In seinem hektischen Job dürfte sich der einstige Luftverkehrslehrling mit Wehmut an die eigene Pilotenzeit in den USA zurückerinnern. Da hob er mit Sprühflugzeugen stundenlang zur sorgenfreien Pflichterfüllung ab. Heute muss er sich immer wieder mit den Pilotengewerkschaften um Löhne und andere Konditionen balgen. Sein beruflicher Background und die besonnene Art der Verhandlungsführung liessen Dosé im garstigen Wirtschaftklima wie ein Fels in der Brandung erscheinen.

Kann Aufsteiger Dosé den Businessplan einhalten und die Swiss bis Ende des nächsten Jahres operativ in die schwarzen Zahlen führen? Fast alles spricht dagegen. Am Goodwill für den Mann an der Spitze allerdings fehlt es nicht. Nur ein Rezept kann für ihn zum Ziel führen: Der haushälterische Umgang mit den finanziellen Mitteln.

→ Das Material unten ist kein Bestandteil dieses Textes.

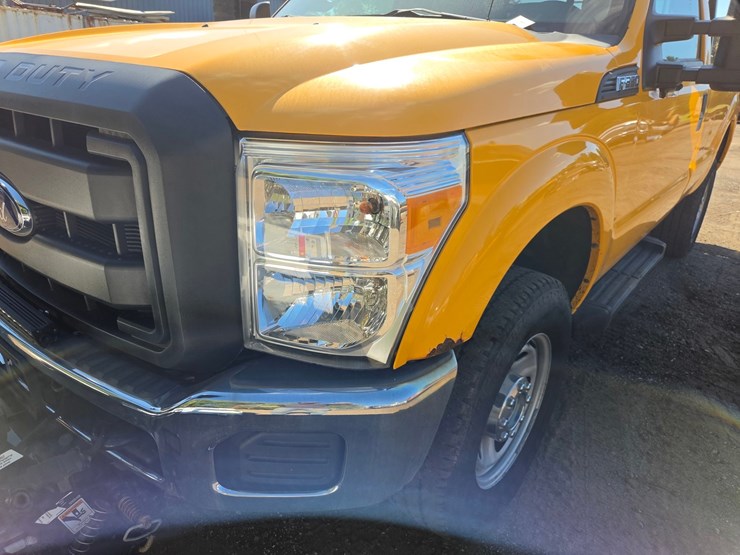 2015-ford-f350-image-16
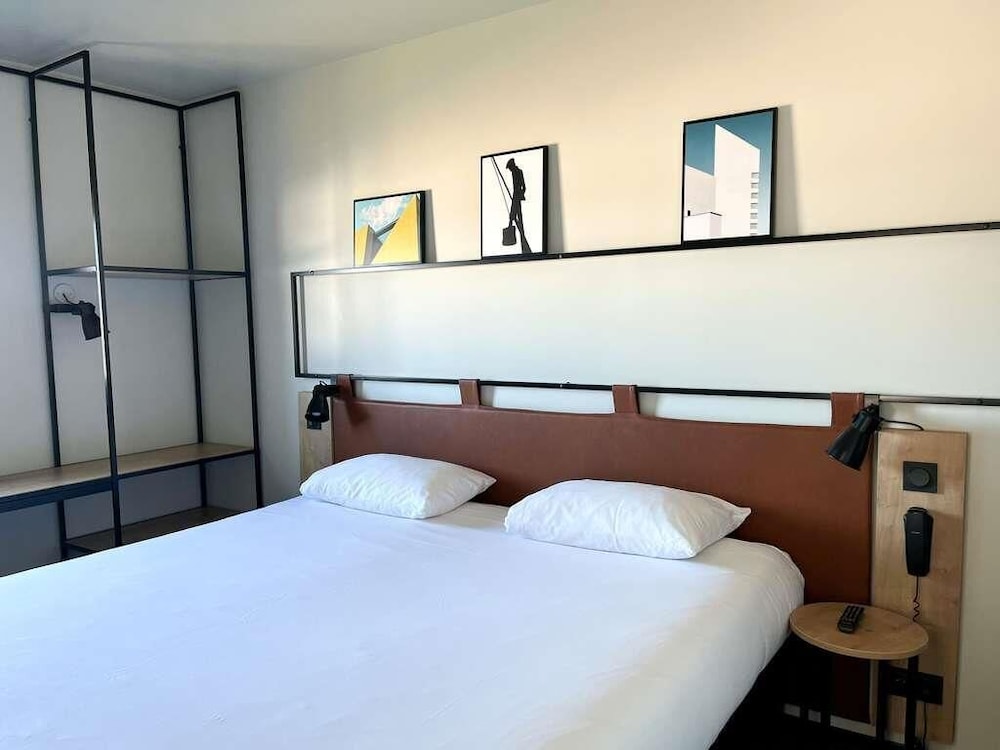 Habitación Estándar con 1 cama doble del hotel Ibis Lunel Petite Camargue. Foto 2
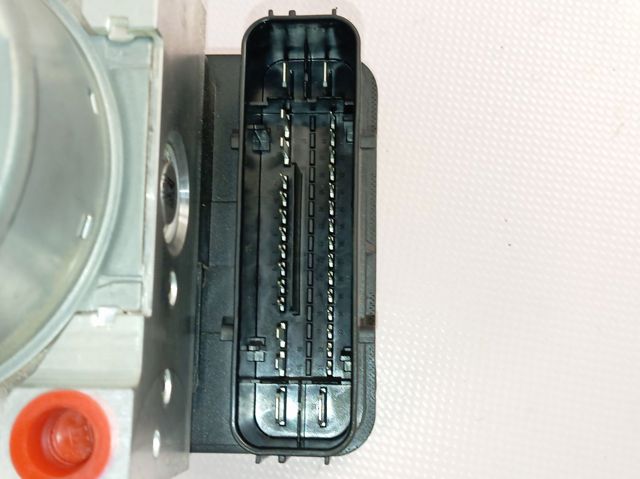  Unidade hidráulico de controlo ABS Ford Puma SUV (J2K, CF7) (2019 - 2026)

Hansueli Loosli (47) gilt als Shooting Star des Schweizer Detailhandels. Im laufenden Jahr hat der Coop-Chef gleich zweimal kräftig zugegriffen. Zunächst kaufte er im Frühling die Epa, und im Spätherbst kamen 28 Waro-Filialen dazu. Mit dem erworbenen Umsatz rückt die ewige Nummer zwei dem Marktleader Migros bedrohlich nahe. Innerhalb der nächsten zwei Jahre soll die traditionelle Epa als Markennamen verschwinden. Loosli setzt auf die eigene Warenhausformel Coop-City, in der ebenfalls ein Grossteil aller Waro-Verkaufsflächen aufgehen soll.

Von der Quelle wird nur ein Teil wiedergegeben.